Así es esto. Para vivir hay que morir y la muerte es la vida. Qué importancia tiene el aceptar antes de la muerte esta creencia tan útil del camino a la vida eterna. En el transcurso del día, se aglutinó el recinto de muchísimos familiares y amigos, se creó el desastre en torno al cajón con mis restos. De un momento a otro, mi hija Marbella —la más guerrera— subió sobre una silla y gritó con muchísima fuerza: “¡Silencio concurrencia, que aquí no ha muerto una modista cualquiera!”. En ese momento, sentí un grito de orgullo, aunque tal cosa ya no me era propia. Tal incidente provocó en mi pensamiento el recuerdo amoroso de mi madre Esther y mi hermanita Zoila.
En estos últimos años de mi vida, mis hijas, mis nietos y mis bisnietos, fueron la luz de mi existencia. Cuánto disfruté de su compañía y gentileza, de su fervor sin límites. Qué grandes personas le he dejado al mundo. Siento una gran satisfacción, verdad de Dios.
El cortejo fúnebre se inició a las doce del día siguiente. Cargaron llorando mi féretro y, en hombros de mis hijos, nietos, sobrinos y amigos, salieron por una puerta lateral del recinto que me llevó a la carroza negra. Por delante iba pendiente Juan Crisóstomo Romero López, mi esposo “fiel” de toda la vida. Como me duele haberlo dejado solo. Acá lo esperare impaciente. Nos pusimos en marcha rumbo al panteón “los pinos”, el más antiguo de la Ciudad, precedidos por un contingente de carros y camionetas. Me rendían homenaje, como si fuese una mujer ilustre y me acompañaban hasta mi última vivienda.
Todo el tiempo quise morir como una mujer sin ataduras. Adiestrada para la nueva vida. Pararme ante el dios de la existencia absoluta, arrodillarme ante la madre naturaleza y decirle: “Nací en Villahermosa porque así lo quisiste; me hice “modista de señoras” porque así lo quisiste; me hice madre de familia porque así lo quisiste; fume tabaco durante toda mi vida porque así lo quisiste. Es el destino quien ejecuta tus órdenes. Es el juego maravilloso del universo”.
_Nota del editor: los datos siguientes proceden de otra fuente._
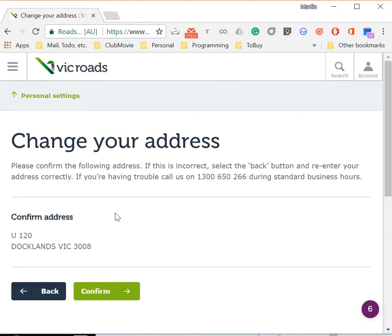There's a major problem in the VicRoads address changing system, and clearly it's difficult to put correct addresses into the VicRoads database.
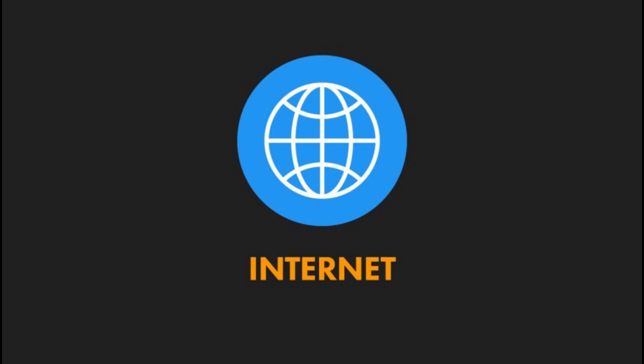Slower services such as dial-up run at 56 kilobytes per second and cannot transmit data as quickly. Internet is accessed through various high-speed transmission technologies that allow these bits to move faster.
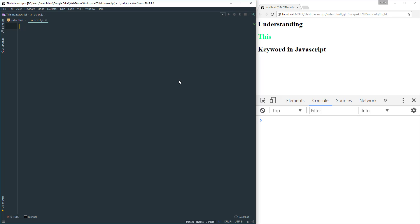Welcome back guys, this is Always back with another video on the channel. It's been a while since I've uploaded. So today we're going to be understanding the 'this' keyword in JavaScript. The 'this' keyword can be used in a normal function call, within a method on an object, within a constructed object, and a fourth way — invoked with .call, .apply, or .bind — but we're going to focus on the basic concepts.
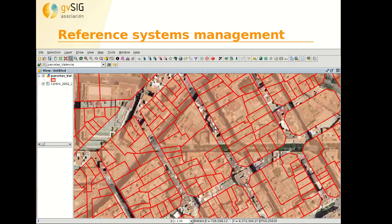To finish, here we can see a view in a concrete reference system with two different types of cartography. We can see that they are not overlapping correctly — it seems that one of them is correctly in the reference system of the view, and the other one has not been reprojected correctly. So we have to take into account the reference system of the view and the reference system of the different layers that we are loading in GBC.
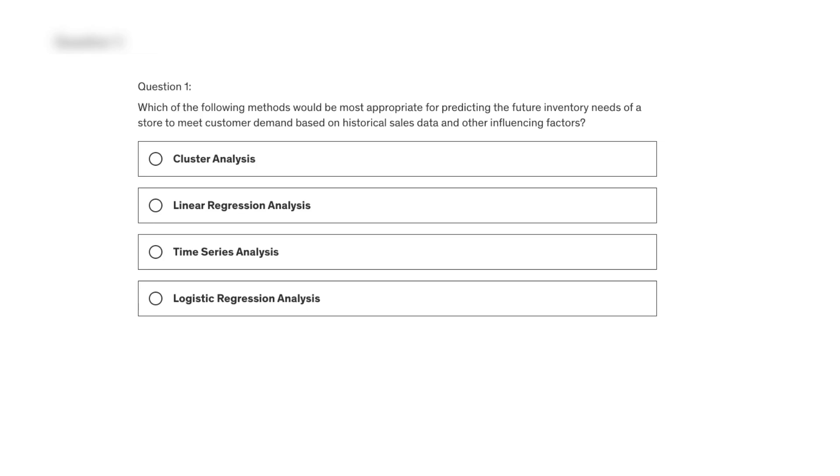Let's look at the first question: which of the following methods would be most appropriate for predicting the future inventory needs of a store to meet customer demand based on historical sales data and other influencing factors?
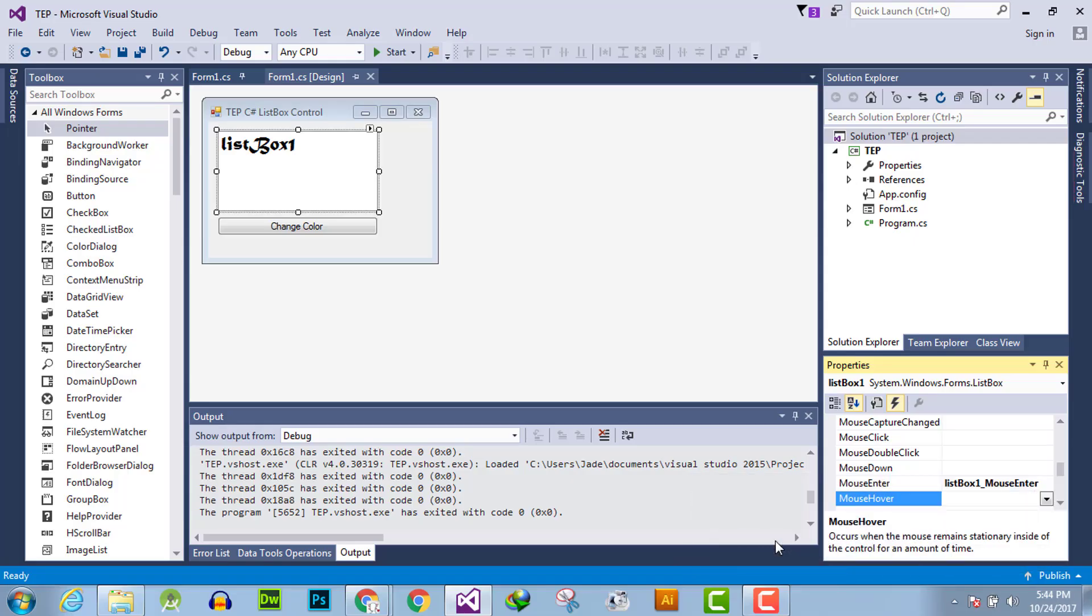Hello everyone, welcome to the Engineering Projects YouTube channel. In this video tutorial, we will discuss the mouse hover event handler. It will occur when the mouse remains stationary inside of the list box.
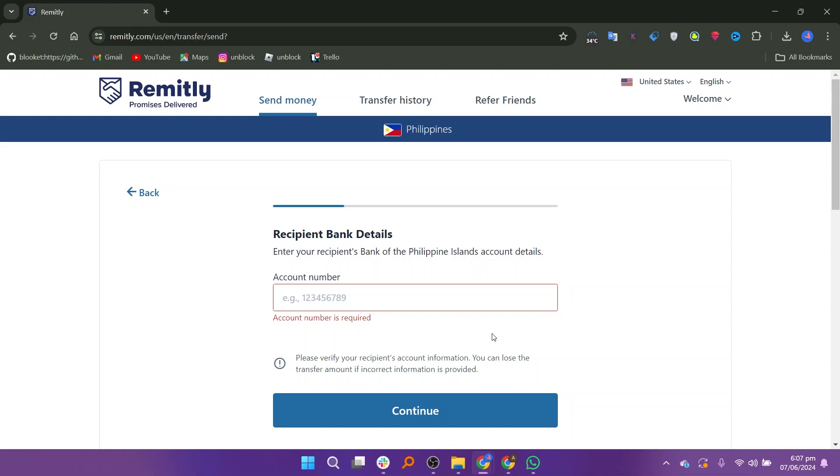So that is how to use Remitly to send money to the Philippines. Make sure to use the links down in the description to get started with Remitly.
Pensé hacia mi interior que todas las muertas somos idénticas, recibidas en las instancias eternas. Obtenemos una residencia común. Los mismos lugares esperan a artistas, monjas y reinas. Todas somos muchedumbre. Caemos unas antes que otras, incluidas mis amigas a las que no les fui monedita de oro, ellas morirán también y el polvo del tiempo eliminará nuestros nombres, nuestros actos nobles o malos. En conclusión, morir es igual a un simple cambio de vivienda.